Depuis près de dix heures, je promenais ma curiosité au milieu de ce grand labeur ; moi aussi j’étais saupoudré de rouille des pieds à la tête comme un travailleur. Le dernier chargement de minerai allait quitter la station d’Ortella, une place m’était offerte pour revenir vers Bilbao, je montai sur la plate-forme de la locomotive, en compagnie du mécanicien et du chauffeur, car il n’y a point d’autres wagons que ceux qui servent au transport du minerai, un coup de sifflet prolongé retentit, le train s’ébranla, et nous partîmes. Oh ! la bonne course, pleine de charme et d’émotion, tandis que le vent qui fouettait mon front chassait mes cheveux en arrière et que d’en bas, par grosses bouffées, m’arrivait jusqu’au visage l’haleine chaude du foyer.
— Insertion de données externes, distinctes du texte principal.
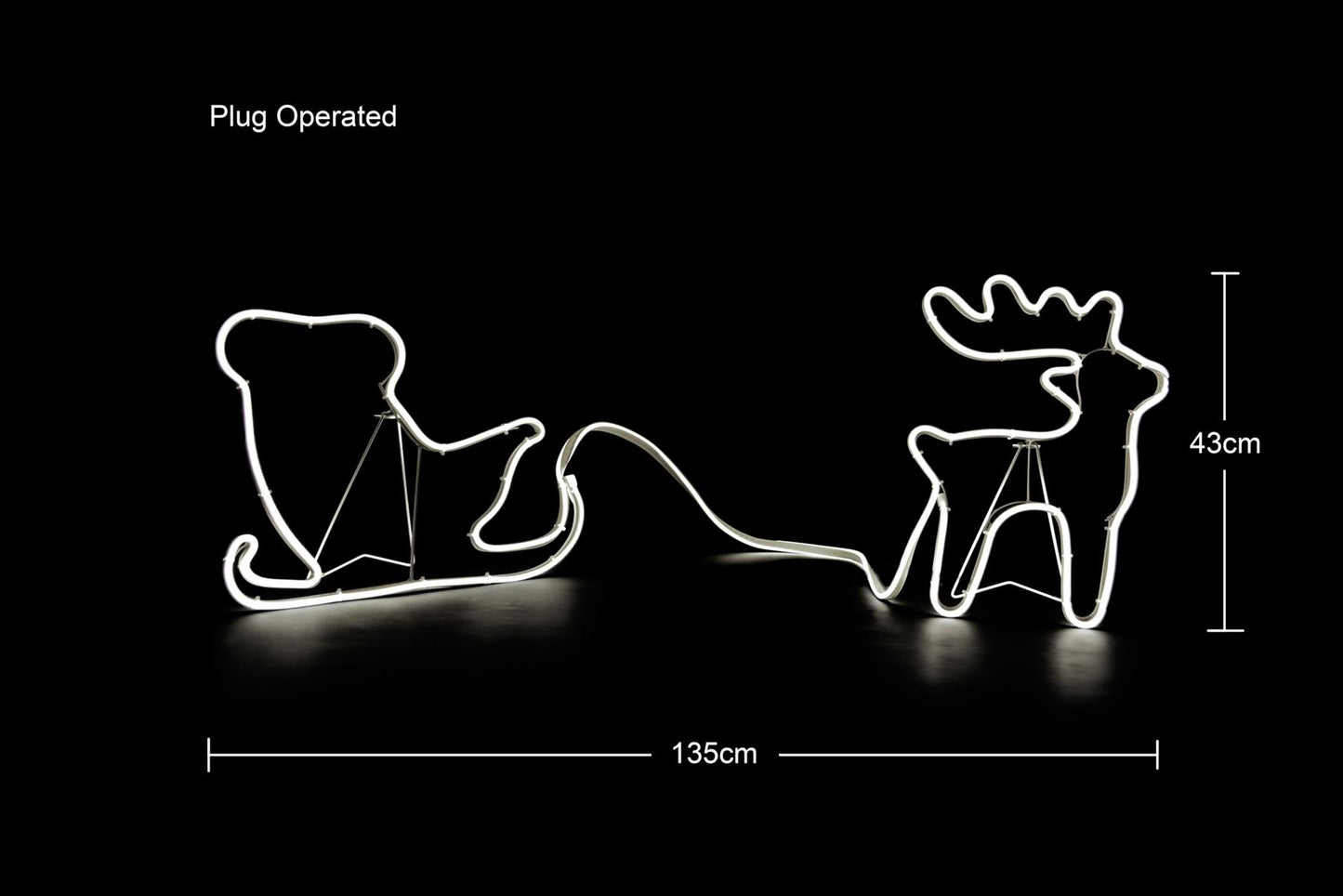 Reindeer and Sleigh Rope Light Silhouette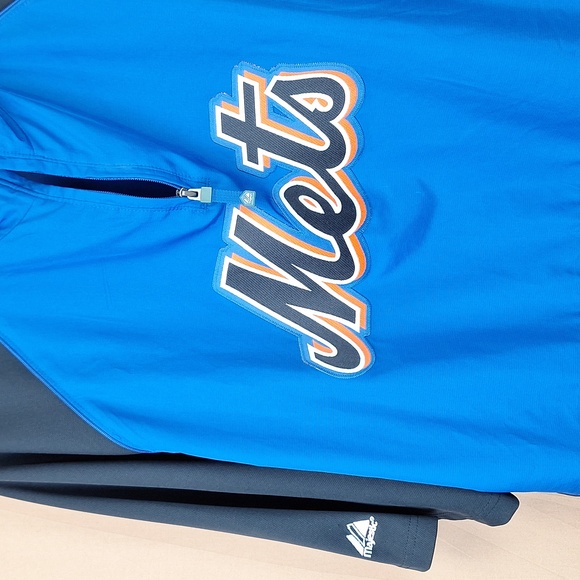 New York Mets Cool Base Blue Quarter Zip Jacket Removable Sleeves 3XL - Picture 7 of 11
D’instant en instant, le chauffeur ouvrait d’un seul coup de ringart la plaque du fourneau, sa large pelle chargée de houille s’engouffrait dans le cratère, et la locomotive de plus belle fumait, ronflait, courait. Les ombres du soir s’épaississaient peu à peu, et le trou du cendrier, projetant sa lueur rouge sur les rails, faisait comme l’œil unique d’une bête énorme dont le corps se traînait dans la nuit. A mesure que nous avancions, je distinguais çà et là par la campagne d’autres yeux semblables grands ouverts dans l’ombre : c’étaient les feux des hauts-fourneaux de la fabrique du Désert, perpétuellement allumés. Bientôt nous étions arrivés ; la locomotive, détachée, alla se placer à la queue du train ; sur l’heure les wagons étaient poussés en ligne droite jusqu’à l’embarcadère, et, l’un après l’autre, par un ingénieux système de bascule, déversaient leur contenu dans les flancs d’un navire qui attendait là ; après quoi, son chargement terminé, le navire devait dès le lendemain cingler vers les côtes d’Angleterre. Pendant ce temps, je me hâtais de traverser le Nervion sur une petite barque et d’attraper au passage, sur la rive droite, une des nombreuses voitures publiques qui chaque jour font le service des Arenas à Bilbao.


L. LOUIS-LANDE.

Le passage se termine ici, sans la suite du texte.